# Cherry 8 Sided Bowl



## mit-ch (Oct 1, 2007)

This cherry 8 sided bowl was the first of several I turned a while back. Cherry and several coats of poly, I managed to give them all away except this one. Mitch


----------



## challagan (Feb 7, 2006)

That is a pretty one, I love cherry, nice job. 

Corey


----------



## Hamlin (Dec 25, 2005)

Sweet!!


----------



## nzgeordie (Oct 22, 2006)

Nice Mitch! And you _give_ them away!


----------



## BernieW (Sep 12, 2006)

Nice bowl Mitch.


----------



## mit-ch (Oct 1, 2007)

Hamlin
Thanks Ken, in fact thank you twice, once for the reply and once more for the positive reply. Mitch


----------



## mit-ch (Oct 1, 2007)

Bernie
(Wink)


----------



## mit-ch (Oct 1, 2007)

nzgeordie
Thanks my friend. Yes, that is what I do. I made myself a promise the first day that I started turning, if I ever learn to turn anything good enough to sell, I promise myself I will never be tempted into doing that. I've been down that road before making cabinets and furniture where people want something for nothing before and I won't do it again. If I told you how many of these I gave away in the last year you would think I am pulling your leg. I"m long retired so I turn a lot. End of speech. lol. Mitch


----------



## fibertech (May 7, 2005)

Mitch, I think that for a lot of us that grew up in the school Wood Shop, found the lathe to be the most fun.
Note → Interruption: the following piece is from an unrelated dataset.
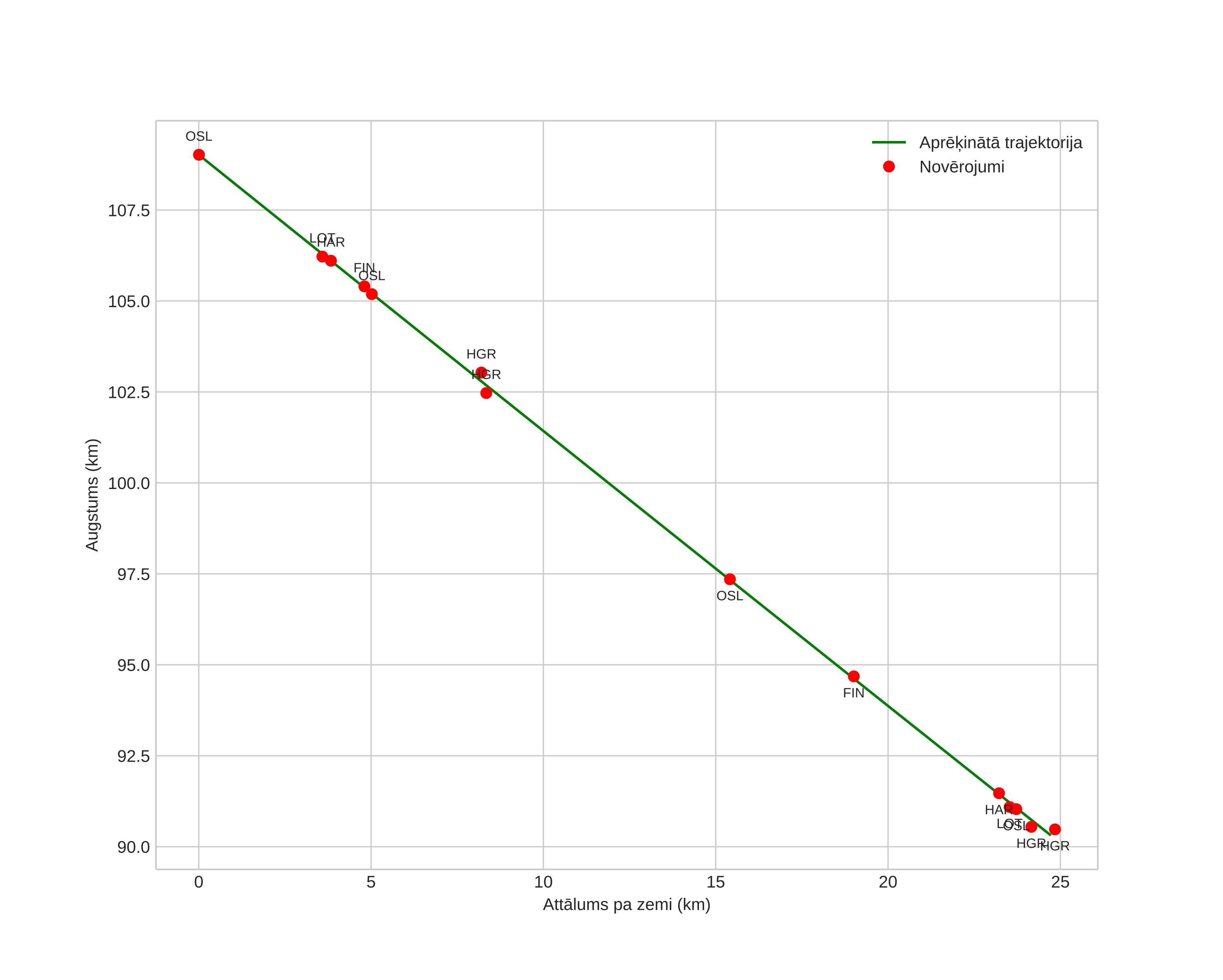 height profile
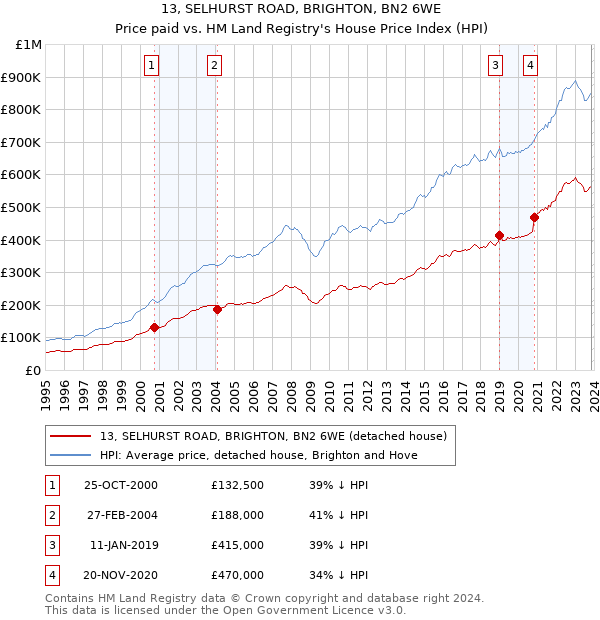 13, SELHURST ROAD, BRIGHTON, BN2 6WE: Price paid vs HM Land Registry's House Price Index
That is what is so good about this forum, we all enjoy seeing what someone has created. You can see the skill and love in your creations. -Derek


----------



## mit-ch (Oct 1, 2007)

Fibertech
Well thank you Derek, that was nice of you to say. In school I remember I tried to make a baseball bat, and it turned out to be more like a scaled down reilroad tie. Never touched a lathe again till last year and love it now. I hope your a turner and we talk again about something you turned this time. Mitch


----------



## fibertech (May 7, 2005)

Mitch, someday that will happen. I do most of my posting from work where I am now. Presently, I am building Norm's Router Table but I am incorporating my Rockler worktop which is quite similar to Norm's. My shop is in a 1 car garage so I have to move most of my tools outside to use them. Living north of Seattle, I also have to have favourable weather to spread out the machines. I do have a nice Shopsmith that I have turned a couple of items on. -Derek


----------